» Input for this task:
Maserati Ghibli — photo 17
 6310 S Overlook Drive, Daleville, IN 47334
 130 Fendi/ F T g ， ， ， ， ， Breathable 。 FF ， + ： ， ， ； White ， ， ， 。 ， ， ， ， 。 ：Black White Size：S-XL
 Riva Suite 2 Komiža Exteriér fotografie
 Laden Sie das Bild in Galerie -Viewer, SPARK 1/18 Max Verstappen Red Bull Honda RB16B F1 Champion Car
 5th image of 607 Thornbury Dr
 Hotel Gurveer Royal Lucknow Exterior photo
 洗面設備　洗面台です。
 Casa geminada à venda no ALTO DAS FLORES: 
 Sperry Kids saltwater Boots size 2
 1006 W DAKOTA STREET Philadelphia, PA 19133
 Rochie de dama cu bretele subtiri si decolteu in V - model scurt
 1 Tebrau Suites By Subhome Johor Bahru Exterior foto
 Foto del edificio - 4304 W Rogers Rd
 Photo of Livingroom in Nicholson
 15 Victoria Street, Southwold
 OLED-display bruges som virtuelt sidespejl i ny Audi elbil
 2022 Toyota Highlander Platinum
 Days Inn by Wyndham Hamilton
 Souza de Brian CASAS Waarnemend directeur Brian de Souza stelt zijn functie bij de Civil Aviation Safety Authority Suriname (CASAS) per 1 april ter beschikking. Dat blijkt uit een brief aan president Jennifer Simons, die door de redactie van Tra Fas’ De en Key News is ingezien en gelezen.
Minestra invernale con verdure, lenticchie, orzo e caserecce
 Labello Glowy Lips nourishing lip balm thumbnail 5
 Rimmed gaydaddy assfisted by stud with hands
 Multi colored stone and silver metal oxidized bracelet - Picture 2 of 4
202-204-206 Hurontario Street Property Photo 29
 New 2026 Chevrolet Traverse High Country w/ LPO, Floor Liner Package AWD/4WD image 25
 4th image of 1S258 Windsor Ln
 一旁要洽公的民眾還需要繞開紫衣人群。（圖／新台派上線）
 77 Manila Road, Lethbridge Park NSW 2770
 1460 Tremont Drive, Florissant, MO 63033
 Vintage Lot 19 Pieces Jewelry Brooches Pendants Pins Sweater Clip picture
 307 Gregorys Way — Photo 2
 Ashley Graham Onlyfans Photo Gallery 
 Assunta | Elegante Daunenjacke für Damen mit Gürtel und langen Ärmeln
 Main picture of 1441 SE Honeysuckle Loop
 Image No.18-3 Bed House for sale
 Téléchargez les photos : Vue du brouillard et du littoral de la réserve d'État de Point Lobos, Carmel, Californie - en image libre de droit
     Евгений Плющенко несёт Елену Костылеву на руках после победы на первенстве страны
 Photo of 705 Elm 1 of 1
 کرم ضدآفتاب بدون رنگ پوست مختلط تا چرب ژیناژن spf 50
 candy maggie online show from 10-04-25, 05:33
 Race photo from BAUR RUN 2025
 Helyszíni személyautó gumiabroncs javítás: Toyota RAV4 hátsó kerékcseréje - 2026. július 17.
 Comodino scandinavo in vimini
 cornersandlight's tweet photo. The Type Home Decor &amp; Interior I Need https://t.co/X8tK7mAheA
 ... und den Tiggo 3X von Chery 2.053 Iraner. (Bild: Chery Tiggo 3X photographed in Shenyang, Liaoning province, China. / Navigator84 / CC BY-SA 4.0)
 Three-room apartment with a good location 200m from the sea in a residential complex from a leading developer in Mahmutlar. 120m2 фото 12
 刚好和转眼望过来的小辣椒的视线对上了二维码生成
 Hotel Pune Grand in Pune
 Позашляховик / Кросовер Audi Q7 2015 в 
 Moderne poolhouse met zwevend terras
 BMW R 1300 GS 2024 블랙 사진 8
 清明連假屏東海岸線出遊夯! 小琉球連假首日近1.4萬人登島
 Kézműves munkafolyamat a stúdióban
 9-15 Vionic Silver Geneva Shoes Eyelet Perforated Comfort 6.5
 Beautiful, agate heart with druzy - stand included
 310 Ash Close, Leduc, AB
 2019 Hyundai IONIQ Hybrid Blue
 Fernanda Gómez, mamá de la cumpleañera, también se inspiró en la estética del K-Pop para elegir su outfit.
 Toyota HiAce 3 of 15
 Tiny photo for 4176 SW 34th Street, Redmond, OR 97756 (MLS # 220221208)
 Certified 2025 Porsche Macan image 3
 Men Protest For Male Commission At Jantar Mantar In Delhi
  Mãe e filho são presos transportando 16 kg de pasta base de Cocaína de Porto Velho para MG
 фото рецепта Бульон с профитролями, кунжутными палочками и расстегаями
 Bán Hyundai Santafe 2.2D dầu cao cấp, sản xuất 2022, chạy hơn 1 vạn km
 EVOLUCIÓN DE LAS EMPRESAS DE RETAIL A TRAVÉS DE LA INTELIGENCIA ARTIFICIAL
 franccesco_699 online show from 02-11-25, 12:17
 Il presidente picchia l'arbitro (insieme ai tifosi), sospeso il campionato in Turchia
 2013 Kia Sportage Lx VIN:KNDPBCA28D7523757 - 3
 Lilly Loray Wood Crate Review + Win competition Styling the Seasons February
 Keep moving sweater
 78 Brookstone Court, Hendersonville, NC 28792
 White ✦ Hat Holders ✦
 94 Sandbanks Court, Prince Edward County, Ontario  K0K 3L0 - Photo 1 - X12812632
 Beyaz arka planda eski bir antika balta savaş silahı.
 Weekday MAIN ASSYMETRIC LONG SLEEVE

» About this exercise: Word for word, reproduce the lines of the listing from the first one through the line containing "Photo of 705 Elm 1 of 1", and no more.

» Solution for this exercise:
Maserati Ghibli — photo 17
 6310 S Overlook Drive, Daleville, IN 47334
 130 Fendi/ F T g ， ， ， ， ， Breathable 。 FF ， + ： ， ， ； White ， ， ， 。 ， ， ， ， 。 ：Black White Size：S-XL
 Riva Suite 2 Komiža Exteriér fotografie
 Laden Sie das Bild in Galerie -Viewer, SPARK 1/18 Max Verstappen Red Bull Honda RB16B F1 Champion Car
 5th image of 607 Thornbury Dr
 Hotel Gurveer Royal Lucknow Exterior photo
 洗面設備　洗面台です。
 Casa geminada à venda no ALTO DAS FLORES: 
 Sperry Kids saltwater Boots size 2
 1006 W DAKOTA STREET Philadelphia, PA 19133
 Rochie de dama cu bretele subtiri si decolteu in V - model scurt
 1 Tebrau Suites By Subhome Johor Bahru Exterior foto
 Foto del edificio - 4304 W Rogers Rd
 Photo of Livingroom in Nicholson
 15 Victoria Street, Southwold
 OLED-display bruges som virtuelt sidespejl i ny Audi elbil
 2022 Toyota Highlander Platinum
 Days Inn by Wyndham Hamilton
 Souza de Brian CASAS Waarnemend directeur Brian de Souza stelt zijn functie bij de Civil Aviation Safety Authority Suriname (CASAS) per 1 april ter beschikking. Dat blijkt uit een brief aan president Jennifer Simons, die door de redactie van Tra Fas’ De en Key News is ingezien en gelezen.
Minestra invernale con verdure, lenticchie, orzo e caserecce
 Labello Glowy Lips nourishing lip balm thumbnail 5
 Rimmed gaydaddy assfisted by stud with hands
 Multi colored stone and silver metal oxidized bracelet - Picture 2 of 4
202-204-206 Hurontario Street Property Photo 29
 New 2026 Chevrolet Traverse High Country w/ LPO, Floor Liner Package AWD/4WD image 25
 4th image of 1S258 Windsor Ln
 一旁要洽公的民眾還需要繞開紫衣人群。（圖／新台派上線）
 77 Manila Road, Lethbridge Park NSW 2770
 1460 Tremont Drive, Florissant, MO 63033
 Vintage Lot 19 Pieces Jewelry Brooches Pendants Pins Sweater Clip picture
 307 Gregorys Way — Photo 2
 Ashley Graham Onlyfans Photo Gallery 
 Assunta | Elegante Daunenjacke für Damen mit Gürtel und langen Ärmeln
 Main picture of 1441 SE Honeysuckle Loop
 Image No.18-3 Bed House for sale
 Téléchargez les photos : Vue du brouillard et du littoral de la réserve d'État de Point Lobos, Carmel, Californie - en image libre de droit
     Евгений Плющенко несёт Елену Костылеву на руках после победы на первенстве страны
 Photo of 705 Elm 1 of 1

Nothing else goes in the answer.